Uma operação coordenada pelo Instituto Chico Mendes de Conservação da Biodiversidade (ICMBio) transferiu, na última quarta-feira (27), 69 ararinhas-azuis e duas araras-maracanãs de um criadouro em Curuçá, na Bahia. A ação foi motivada pela detecção de circovírus entre as aves, como também pela violação de medidas fundamentais de segurança sanitária no local.
Condições do Criadouro
Os pássaros foram levados para o Centro de Conservação e Manejo de Fauna da Caatinga (Cemafauna), da Universidade Federal do Vale do São Francisco (UNIVASF), em Petrolina, Pernambuco. A ararinha-azul (Cyanopsitta spixii) é uma espécie endêmica da região da Caatinga, que já está extinta na natureza.

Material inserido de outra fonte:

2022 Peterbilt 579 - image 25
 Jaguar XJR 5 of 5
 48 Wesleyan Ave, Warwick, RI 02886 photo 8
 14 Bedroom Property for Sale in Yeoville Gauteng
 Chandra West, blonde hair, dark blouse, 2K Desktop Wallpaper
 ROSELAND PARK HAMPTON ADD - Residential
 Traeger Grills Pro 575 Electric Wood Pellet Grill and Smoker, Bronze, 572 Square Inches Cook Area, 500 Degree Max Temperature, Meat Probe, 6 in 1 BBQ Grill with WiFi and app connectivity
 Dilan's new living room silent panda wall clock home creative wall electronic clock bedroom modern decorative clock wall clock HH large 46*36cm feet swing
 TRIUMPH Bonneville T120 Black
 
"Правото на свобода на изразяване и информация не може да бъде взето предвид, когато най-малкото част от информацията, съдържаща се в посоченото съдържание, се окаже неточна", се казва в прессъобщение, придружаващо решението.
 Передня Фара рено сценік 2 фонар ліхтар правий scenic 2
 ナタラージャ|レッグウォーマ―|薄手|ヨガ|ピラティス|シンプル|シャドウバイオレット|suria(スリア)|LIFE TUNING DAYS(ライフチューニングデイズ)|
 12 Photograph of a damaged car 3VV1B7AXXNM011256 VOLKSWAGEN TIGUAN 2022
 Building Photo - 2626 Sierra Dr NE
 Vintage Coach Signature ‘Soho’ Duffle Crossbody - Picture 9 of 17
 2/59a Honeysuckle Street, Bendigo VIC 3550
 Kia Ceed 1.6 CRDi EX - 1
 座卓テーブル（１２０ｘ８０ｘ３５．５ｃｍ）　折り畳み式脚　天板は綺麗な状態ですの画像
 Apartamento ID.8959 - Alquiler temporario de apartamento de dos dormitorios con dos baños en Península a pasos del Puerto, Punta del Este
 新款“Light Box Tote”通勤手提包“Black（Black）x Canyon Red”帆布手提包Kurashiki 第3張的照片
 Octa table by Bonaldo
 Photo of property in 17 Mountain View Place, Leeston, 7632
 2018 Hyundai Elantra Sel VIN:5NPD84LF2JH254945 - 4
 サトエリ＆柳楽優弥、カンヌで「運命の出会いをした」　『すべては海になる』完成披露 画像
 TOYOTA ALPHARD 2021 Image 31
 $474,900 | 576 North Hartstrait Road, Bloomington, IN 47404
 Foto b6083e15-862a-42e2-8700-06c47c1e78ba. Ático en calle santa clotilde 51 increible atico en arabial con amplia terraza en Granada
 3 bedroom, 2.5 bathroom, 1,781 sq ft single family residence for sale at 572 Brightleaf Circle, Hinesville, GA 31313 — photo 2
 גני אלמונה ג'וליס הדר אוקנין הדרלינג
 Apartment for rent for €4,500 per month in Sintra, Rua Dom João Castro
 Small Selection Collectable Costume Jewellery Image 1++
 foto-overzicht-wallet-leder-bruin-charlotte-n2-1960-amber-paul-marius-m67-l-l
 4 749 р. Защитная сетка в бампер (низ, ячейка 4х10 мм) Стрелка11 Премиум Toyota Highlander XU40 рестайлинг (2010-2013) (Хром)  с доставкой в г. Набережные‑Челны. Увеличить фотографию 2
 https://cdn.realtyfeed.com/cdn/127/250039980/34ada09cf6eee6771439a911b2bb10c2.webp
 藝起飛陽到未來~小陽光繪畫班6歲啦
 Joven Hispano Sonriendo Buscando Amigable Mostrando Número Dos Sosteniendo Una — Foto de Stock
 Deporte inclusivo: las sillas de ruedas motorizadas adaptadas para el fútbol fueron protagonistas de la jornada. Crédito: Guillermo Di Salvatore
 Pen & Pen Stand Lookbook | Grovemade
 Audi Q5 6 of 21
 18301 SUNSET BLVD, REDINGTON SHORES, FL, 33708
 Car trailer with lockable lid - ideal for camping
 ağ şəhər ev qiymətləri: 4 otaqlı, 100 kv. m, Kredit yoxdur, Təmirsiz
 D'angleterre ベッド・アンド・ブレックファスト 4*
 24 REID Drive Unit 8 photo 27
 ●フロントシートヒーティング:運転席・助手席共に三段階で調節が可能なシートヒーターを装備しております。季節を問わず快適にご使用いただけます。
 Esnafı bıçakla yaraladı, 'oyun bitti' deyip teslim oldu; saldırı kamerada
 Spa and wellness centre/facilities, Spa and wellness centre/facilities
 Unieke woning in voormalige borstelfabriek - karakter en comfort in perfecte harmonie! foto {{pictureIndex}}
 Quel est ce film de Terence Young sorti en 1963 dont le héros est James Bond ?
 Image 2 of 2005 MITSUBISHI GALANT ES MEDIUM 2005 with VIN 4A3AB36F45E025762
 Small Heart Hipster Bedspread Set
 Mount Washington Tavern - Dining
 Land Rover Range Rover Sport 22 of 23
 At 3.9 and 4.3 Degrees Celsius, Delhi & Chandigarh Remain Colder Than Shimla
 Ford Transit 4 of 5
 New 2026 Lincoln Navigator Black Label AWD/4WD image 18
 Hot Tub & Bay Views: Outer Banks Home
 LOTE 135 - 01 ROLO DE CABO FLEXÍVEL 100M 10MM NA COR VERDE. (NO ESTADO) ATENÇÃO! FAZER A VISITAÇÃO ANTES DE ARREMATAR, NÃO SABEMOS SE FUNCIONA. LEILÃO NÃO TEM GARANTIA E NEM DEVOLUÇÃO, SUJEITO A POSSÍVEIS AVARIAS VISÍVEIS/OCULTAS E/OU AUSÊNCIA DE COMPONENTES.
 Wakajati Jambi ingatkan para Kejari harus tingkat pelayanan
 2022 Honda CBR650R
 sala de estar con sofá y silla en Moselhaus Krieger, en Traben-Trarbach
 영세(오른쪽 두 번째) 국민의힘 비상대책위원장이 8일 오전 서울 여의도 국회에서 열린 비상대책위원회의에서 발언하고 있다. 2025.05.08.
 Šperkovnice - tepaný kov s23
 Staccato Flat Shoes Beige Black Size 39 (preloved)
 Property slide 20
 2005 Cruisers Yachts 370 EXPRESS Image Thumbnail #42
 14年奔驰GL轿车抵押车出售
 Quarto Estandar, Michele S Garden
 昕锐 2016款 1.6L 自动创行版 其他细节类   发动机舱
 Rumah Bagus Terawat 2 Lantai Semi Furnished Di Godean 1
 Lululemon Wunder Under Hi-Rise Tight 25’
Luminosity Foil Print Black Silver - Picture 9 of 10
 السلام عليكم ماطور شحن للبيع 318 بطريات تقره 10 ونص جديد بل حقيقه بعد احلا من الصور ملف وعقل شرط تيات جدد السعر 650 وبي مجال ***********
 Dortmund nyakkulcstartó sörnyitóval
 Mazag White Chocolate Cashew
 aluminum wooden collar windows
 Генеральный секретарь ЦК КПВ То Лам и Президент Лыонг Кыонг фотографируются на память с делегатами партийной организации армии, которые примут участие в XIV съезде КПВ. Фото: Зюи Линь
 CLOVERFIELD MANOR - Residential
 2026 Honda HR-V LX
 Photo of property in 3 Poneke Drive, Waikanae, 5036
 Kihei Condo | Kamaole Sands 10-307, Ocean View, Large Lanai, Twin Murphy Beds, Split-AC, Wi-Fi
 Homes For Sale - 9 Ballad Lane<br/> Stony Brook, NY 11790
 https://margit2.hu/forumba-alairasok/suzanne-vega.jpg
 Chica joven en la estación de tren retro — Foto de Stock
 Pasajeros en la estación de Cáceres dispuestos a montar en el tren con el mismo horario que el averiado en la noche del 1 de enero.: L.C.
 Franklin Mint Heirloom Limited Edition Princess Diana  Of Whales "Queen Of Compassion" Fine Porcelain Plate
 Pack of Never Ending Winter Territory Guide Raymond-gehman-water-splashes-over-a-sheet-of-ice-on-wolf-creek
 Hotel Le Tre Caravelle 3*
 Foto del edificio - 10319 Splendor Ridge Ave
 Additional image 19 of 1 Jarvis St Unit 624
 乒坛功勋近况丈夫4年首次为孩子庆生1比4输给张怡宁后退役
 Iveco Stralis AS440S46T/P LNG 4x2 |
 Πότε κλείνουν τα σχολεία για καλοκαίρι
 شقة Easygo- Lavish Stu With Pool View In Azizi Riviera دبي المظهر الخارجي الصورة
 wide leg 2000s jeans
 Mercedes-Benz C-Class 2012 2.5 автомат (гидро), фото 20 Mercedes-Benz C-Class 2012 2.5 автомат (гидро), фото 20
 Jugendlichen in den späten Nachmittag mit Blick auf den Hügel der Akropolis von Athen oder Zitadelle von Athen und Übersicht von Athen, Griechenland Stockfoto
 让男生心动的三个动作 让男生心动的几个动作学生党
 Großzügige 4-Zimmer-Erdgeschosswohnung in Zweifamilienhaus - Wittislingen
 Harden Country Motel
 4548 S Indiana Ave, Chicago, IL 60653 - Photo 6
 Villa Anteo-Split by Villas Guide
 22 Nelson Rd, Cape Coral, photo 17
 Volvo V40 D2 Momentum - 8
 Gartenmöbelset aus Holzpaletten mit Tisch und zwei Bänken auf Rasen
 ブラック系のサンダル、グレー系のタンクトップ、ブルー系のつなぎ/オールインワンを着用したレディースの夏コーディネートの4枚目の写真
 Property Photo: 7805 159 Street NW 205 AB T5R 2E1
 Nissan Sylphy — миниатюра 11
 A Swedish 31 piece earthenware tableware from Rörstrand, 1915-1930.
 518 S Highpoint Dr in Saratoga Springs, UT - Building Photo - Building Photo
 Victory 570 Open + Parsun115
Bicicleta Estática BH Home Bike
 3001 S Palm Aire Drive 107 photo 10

O deslocamento das aves ocorreu em colaboração com a Polícia Federal e contou com o apoio da Polícia Militar e o Instituto de Meio Ambiente e Recursos Hídricos (Inema) da Bahia. Veterinários do ICMBio e peritos da Polícia Federal também estiveram envolvidos na operação.
Motivos da Transferência
As transferências foram implementadas após a identificação de 34 das 103 aves do criadouro que testaram positivo para o circovírus. As ararinhas que não apresentaram o vírus foram retiradas do local e estarão em quarentena no Cemafauna, onde receberão monitoramento e cuidados médicos adequados.
Entre as normas de biossegurança que não foram respeitadas, estavam a falta de limpeza adequada das instalações e a ausência de equipamentos de proteção individual (EPIs) durante o manejo das aves. Funcionários foram flagrados utilizando roupas inadequadas e as áreas apresentavam acúmulo de fezes, colocando em risco a saúde das ararinhas.
Impacto do Circovírus
O circovírus, uma doença australiana de alta gravidade, afeta principalmente a plumagem e o bico das aves, podendo levar à morte em muitos casos. Embora não seja transmissível a humanos ou aves de produção, o vírus é uma drástica ameaça para a conservação de espécies raras como a ararinha-azul.
A separação rigorosa entre as aves positivas e negativas é essencial não apenas para a segurança dos animais saudáveis, mas também para garantir a viabilidade de um futuro programa de reintrodução da espécie à natureza. A Coordenação de Emergências Climáticas e Epizootia do ICMBio está liderando os esforços para assegurar a saúde e o bem-estar das ararinhas-azuis em um momento crítico para a preservação desta espécie ameaçada.